Calculate the present value investment for a future value lump sum return, based on a constant interest rate per period and compounding. This is a special instance of a present value calculation where payments = 0. The present value is the total amount that a future amount of money is worth right now.

Period
commonly a period will be a year but it can be any time interval you want as long as all inputs are consistent.
Future Value (FV)
is the future value sum of your investment that you want to find a present value for
Number of Periods (t)
commonly this will be number of years but periods can be any time unit.  Enter whole numbers or use decimals for partial periods such as months for example, 7.5 years is 7 yr 6 mo.
Interest Rate (R)
is the annual nominal interest rate or "stated rate" in percent. r = R/100, the interest rate in decimal
Compounding (m)
is the number of times compounding occurs per period. If a period is a year then annually=1, quarterly=4, monthly=12, daily = 365, etc.
Continuous Compounding
is when the frequency of compounding (m) is increased up to infinity. Enter c, C or Continuous for m.
Rate (i)
i = (r/m); interest rate per compounding period.
Total Number of Periods (n)
n = mt; is the total number of compounding periods for the life of the investment.
Present Value (PV)
the calculated present value of your future value amount
PVIF
Present Value Interest Factor that accounts for your input Number of Periods, Interest Rate and Compounding Frequency and can now be applied to other future value amounts to find the present value under the same conditions.
Period
Time period. Typcially a period will be a year but it can be any time interval as long as all inputs are in the same time unit.
Future Value (FV)
Future value of a lump sum.
Number of Periods (t)
Number of years or time periods.
Perpetuity
For a perpetual annuity t approaches infinity. For "Number of Periods (t)" enter p or perpetuity.
Interest Rate (R)
The annual nominal interest rate or stated rate per period, as a percentage.
Compounding (m)
The number of times compounding occurs per period. If a period is a year enter:
1 for annual compounding
4 for quarterly compounding
12 for monthly compounding
365 for daily compounding
Continuous Compounding
For frequency of compounding (m) approaches infinity. For "Compounding (m)" enter c or continuous.
Payment Amount (PMT)
The amount of the cash flow annuity payment each period.
Growth Rate (G)
If this is a growing annuity, enter the growth rate per period of payments in percentage form.
Payments per Period (Payment Frequency, q)
How often payments are made each period. If a period is a year enter:
1 for annual payments
4 for quarterly payments
12 for monthly payments
365 for daily payments
Payments at Period (Type)
Specify whether payments occur at the end of each payment period (ordinary annuity, in arrears) or if payments occur at the beginning of each payment period (annuity due, in advance)
Present Value (PV)
The present value of any future value lump sum plus future cash flows (payments)

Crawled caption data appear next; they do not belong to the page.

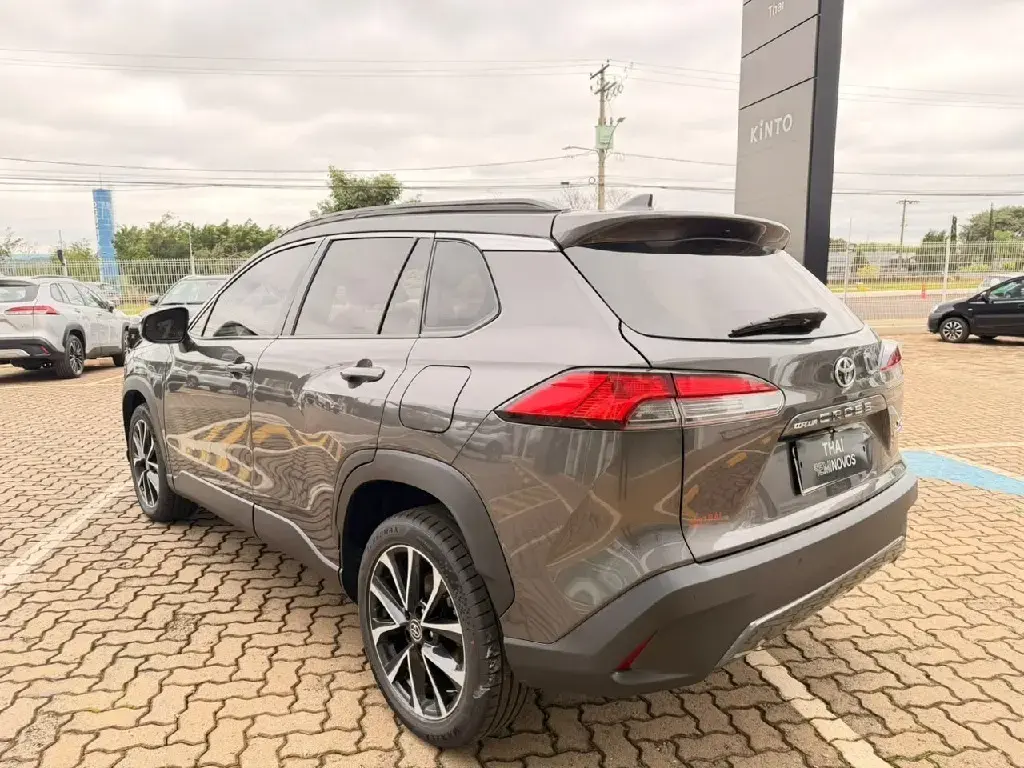 galeria Corolla Cross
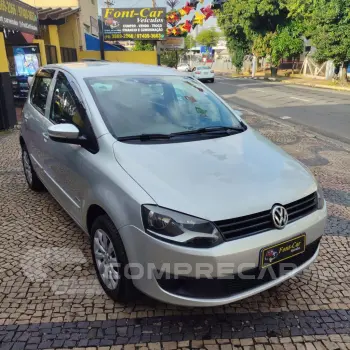 Fox 1.0 Mi Total Flex 8V 5p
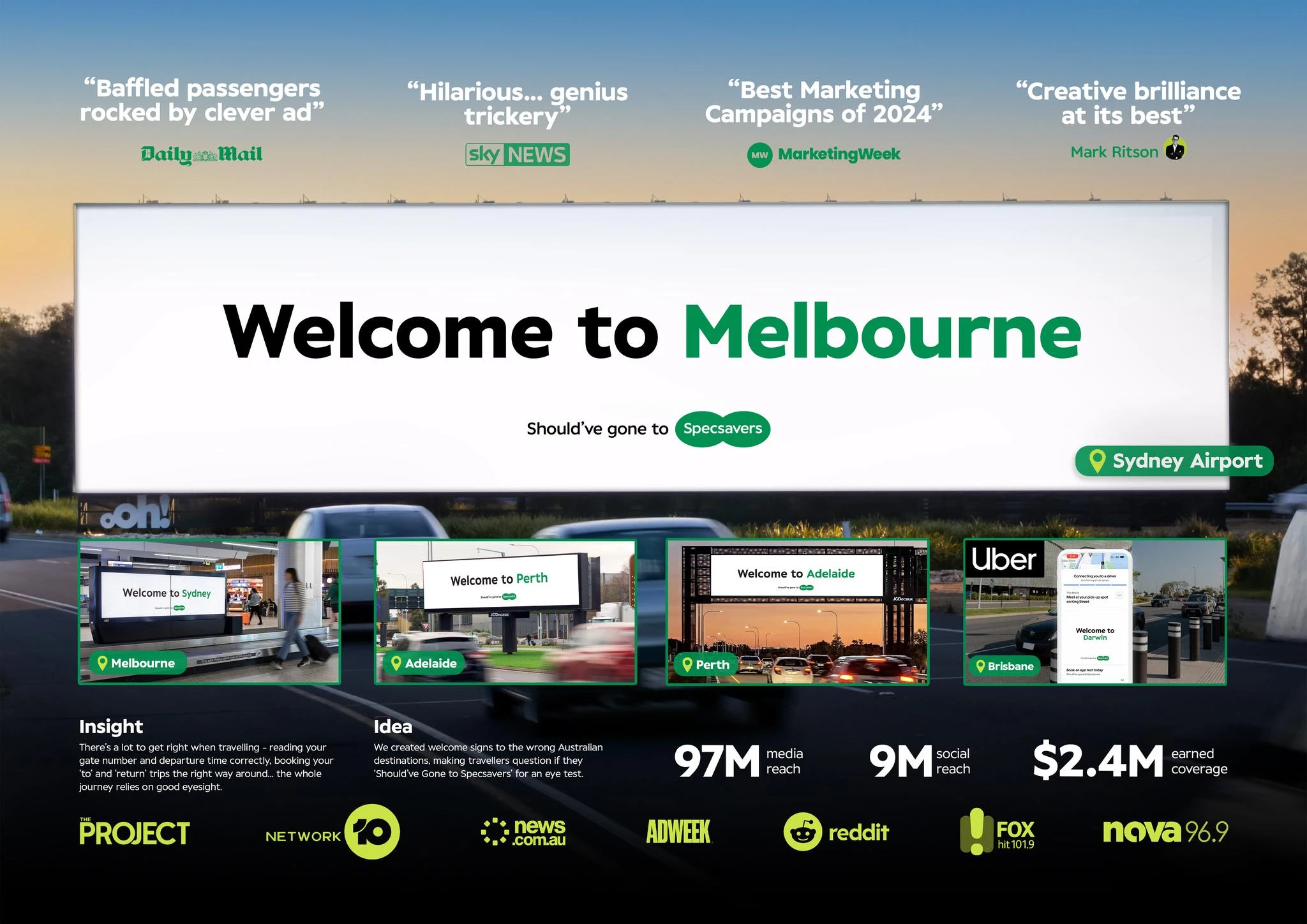 Welcome to Melbourne - image 1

Present Value Formula for a Future Value:

\( PV = \dfrac{FV}{(1+\frac{r}{m})^{mt}} \)

where r=R/100 and is generally applied with r as the yearly interest rate, t the number of years and m the number of compounding intervals per year. We can reduce this to the more general

\( PV = \dfrac{FV}{(1+i)^n} \)

where i=r/m and n=mt with i the rate per compounding period and n the number of compounding periods.

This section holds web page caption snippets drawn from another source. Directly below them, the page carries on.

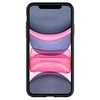 Spigen Liquid Air dėklas skirtas Apple iPhone 11, spalva - Matte Black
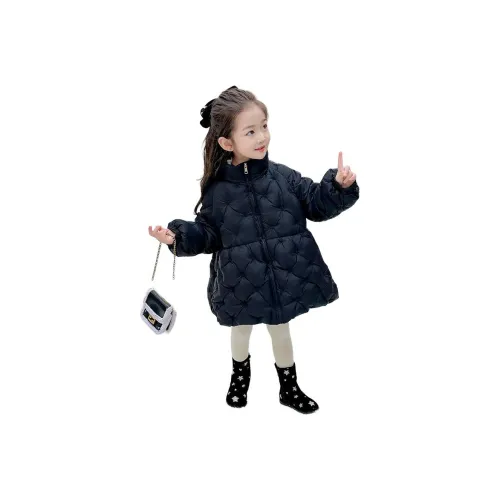 MUMUWU HOUSE Черный Kids Tops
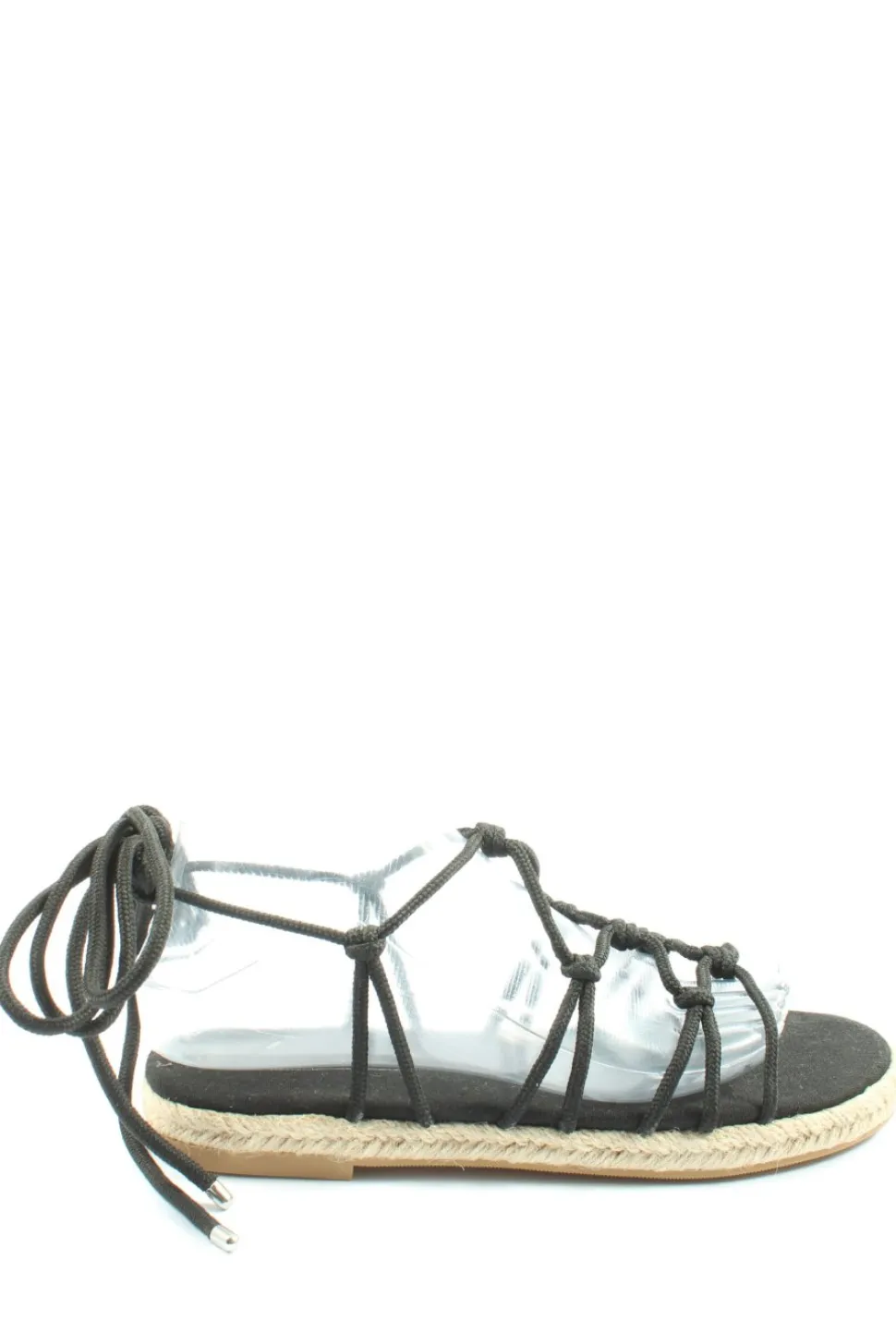 Espadrilles-Sandalen Größe 38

When m approaches infinity, m → ∞ (continuous compounding)

\( PV = \dfrac{FV}{e^{rt}} \)

See the present value calculator for derivations of present value formulas.

Example Present Value Calculations for a Lump Sum Investment:

You want an investment to have a value of $10,000 in 2 years. The account will earn 6.25% per year compounded monthly. You want to know the value of your investment now to acheive this or, the present value of your investment account.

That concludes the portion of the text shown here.